▶ **Supplied information**
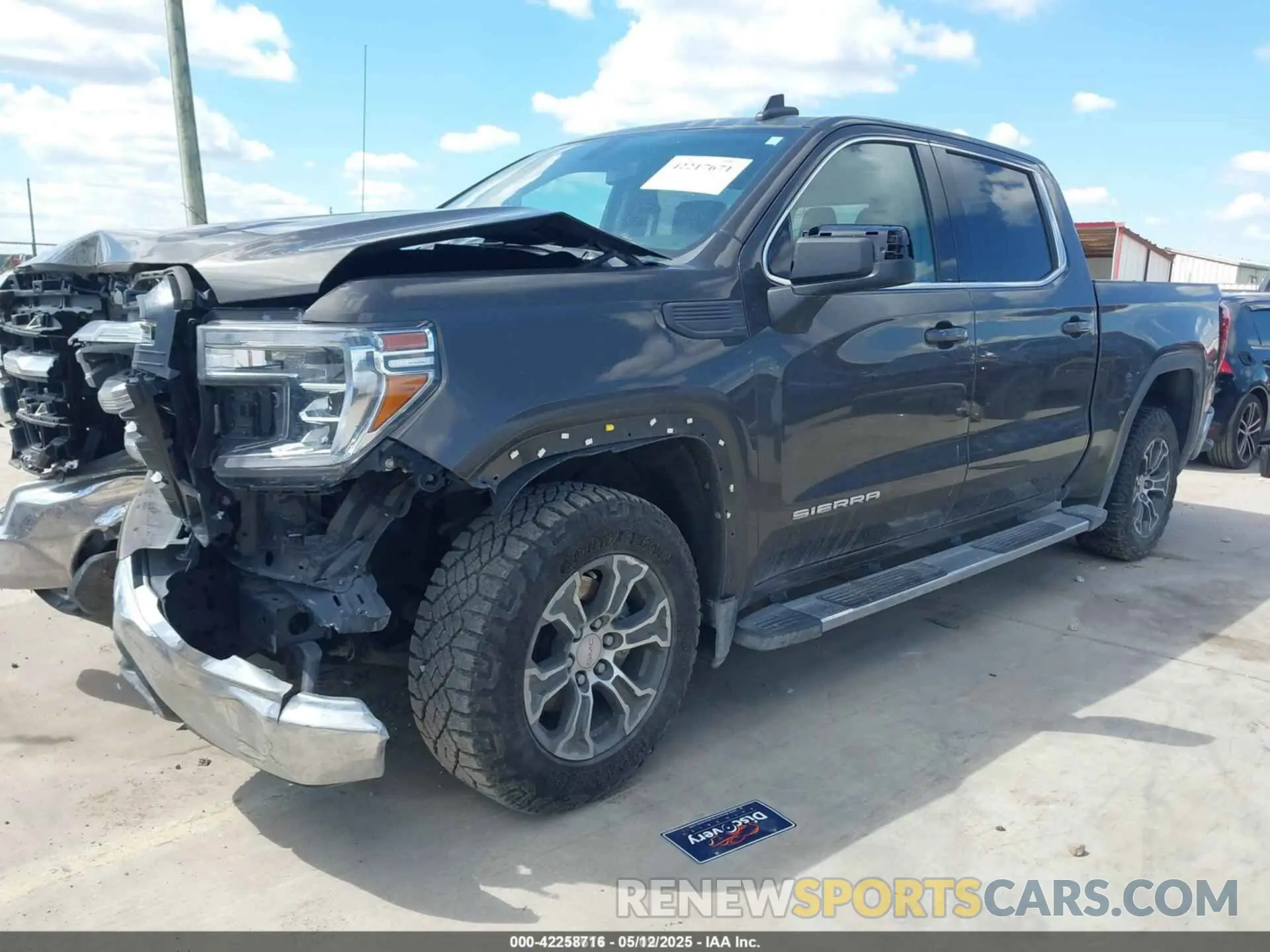 2 Photograph of a damaged car 1GTP8BEK1LZ163771 GMC SIERRA 1500 2020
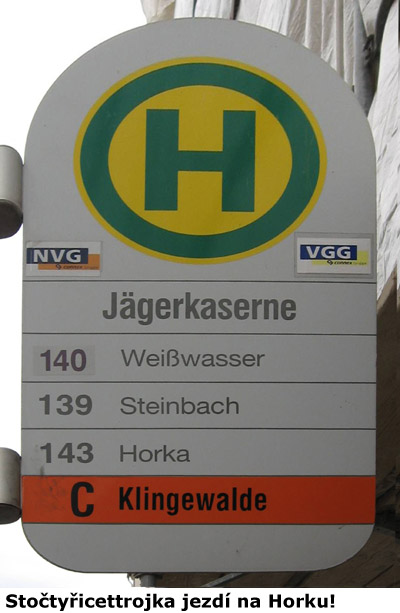 143 jezdí na Horku.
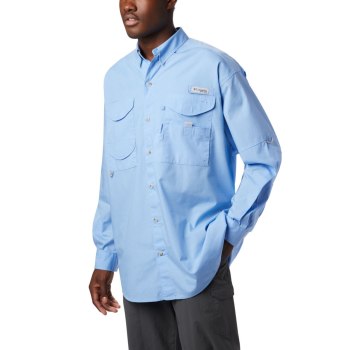 Columbia PFG Bonehead Long Sleeve Big, Camisa Blancos Para Hombre | 516287-AEW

▶ **Description of the task**
Pictures do not go in the copy. Write out exactly the lines from the line containing "143 jezdí na Horku." through the last line of the listing.

▶ **Written response**
 143 jezdí na Horku.
 Columbia PFG Bonehead Long Sleeve Big, Camisa Blancos Para Hombre | 516287-AEW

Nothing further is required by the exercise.